Yes, I think this is quite an important and crucial point. Intelligence services don't collect evidence; they collect information. That information is not tested in the way that police evidence is tested in courts. It is not tested as rigorously as is evidence that is collected by police. That's an important distinction that I think the committee should understand and that Canadians more broadly should understand and, to be quite frank, journalists should understand but don't seem to be understanding enough in terms of their reporting about these matters.
The other issue at the core of the question that you're asking is that when CSIS gathers information, it often gathers that information without context and, as you rightly pointed out, without corroboration. Often the language that is being used can be embellished to support a certain narrative that might be established within or among a few intelligence officers within CSIS. Then, of course, there is the editing of that information, which again might be framed in a way to support a particular narrative that doesn't include exculpatory information.
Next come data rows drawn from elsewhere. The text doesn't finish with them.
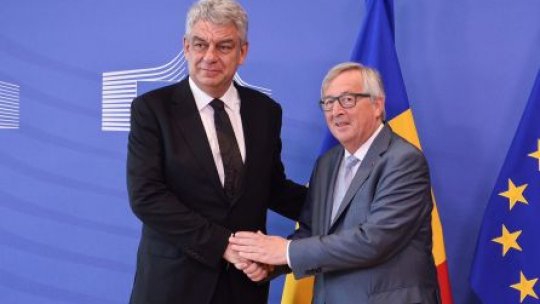 Premierul Mihai Tudose se întâlnește cu înalți oficiali europeni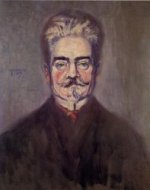Portrait of Leopold Czihaczek - Egon Schiele Oil Painting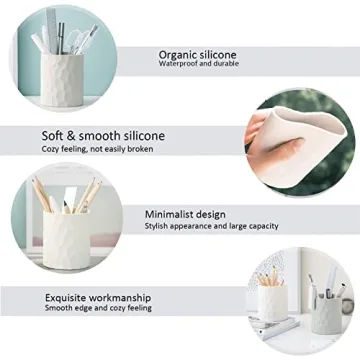 Minimaliving Pen Holder - Stylish Silicone Desk Organizer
What I suggested in my opening statement is for the committee—and, more broadly, for Canadians and some journalists who don't have an appreciation of how information is created within CSIS—to step back and understand that they have to be much more cautious in accepting as gospel information that is either being paid publicly or being leaked to them by CSIS. I think it's a very important point.
My own reading of what I've been reading, watching and listening to is that this information is being accepted simply as gospel. That can be dangerous and has certainly, as I said in my opening statement, affected people's reputations, and it has led to at least two very serious defamatory libel suits against journalists who have produced these stories. I think that's also quite cautionary.